Ngai Tahu keen to map important sites

Ngai Tahu wants to map important ancestral sites and cultural landscapes in the Queenstown Lakes district to ensure they are better recognised in council planning.

Runanga representatives told commissioners in Queenstown yesterday the maps should form the basis of new provisions in the second stage of the council's proposed district plan (PDP).

They were the first verbal submissions to the hearings panel out of the 1200 lodged with the council late last year.

Kai Tahu ki Otago senior planner Maree Kleinlangevelsloo said "wahi tupuna'' mapping would be linked to objectives, policies and rules in the PDP to ensure features such as trails, mountains and battle sites were recognised.

Ngai Tahu had been working with the Dunedin City Council on a wahi tupuna mapping process for the past two years for the Proposed Second Generation Dunedin City District Plan, she said.

Kai Tahu ki Otago principal planner Timothy Vial said when resource consents were lodged with the council that impinged on wahi tupuna maps, provisions would be triggered that gave council planners guidance on how to consider them.

In the interim, before the mapping was completed, placeholders would be inserted throughout the PDP.  

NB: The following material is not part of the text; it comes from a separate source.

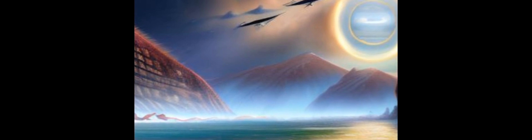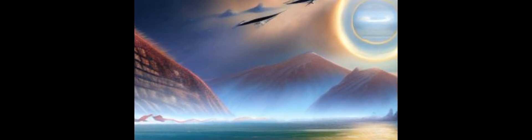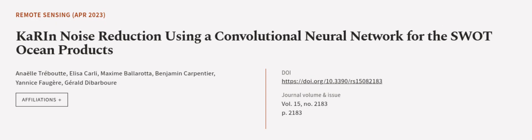making it a promising candidate for reducing the noise of flight data from Karen. This article was authored by Anel Tribut, Alisa Carly, Maxime Ballarada, and others.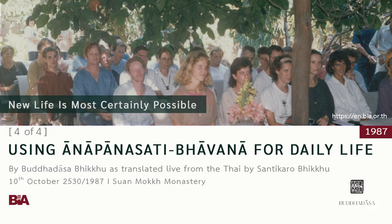In today's talk, we'll consider the topic of using anapanasati, pavana — the mindfulness of breathing development of the mind — using it beneficially and advantageously in daily life, in ordinary life. We should talk about this because if we're unable to use mindfulness of breathing in our daily lives, then it's not of very much value or worth.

During stage 2 of the district plan review, those placeholders would be replaced by provisions ensuring the council fulfills its strategic goal - contained in the PDP's Strategic Direction chapter - to "act in accordance with the principles of the Treaty of Waitangi and in partnership with Ngai Tahu'', Mr Vial said.

Kai Tahu ki Otago is an environmental consultancy for the four Ngai Tahu runanga in Otago.

Another submission by Oraka-Aparima Runanga executive member Jane Kitson called for an amendment to the PDP to include a policy from the National Policy Statement relating to freshwater management.

The policy required local authorities to take "reasonable steps'' to involve iwi and hapu in the management of fresh water and fresh water ecosystems.

Dr Kitson, whose submission was also made on behalf of Te Ao Marama, said the policy should be included in the Subdivision and Development and Energy and Utilities chapters, and any other chapters having a direct impact on freshwater quality and quantity.

Te Ao Marama is an incorporated society that considers matters relating to the Resource Management and Local Government Acts for Ngai Tahu's four Southland runanga.

It was the second day of hearings for the district plan review. Hearings continue at the Lake Wanaka Centre this morning.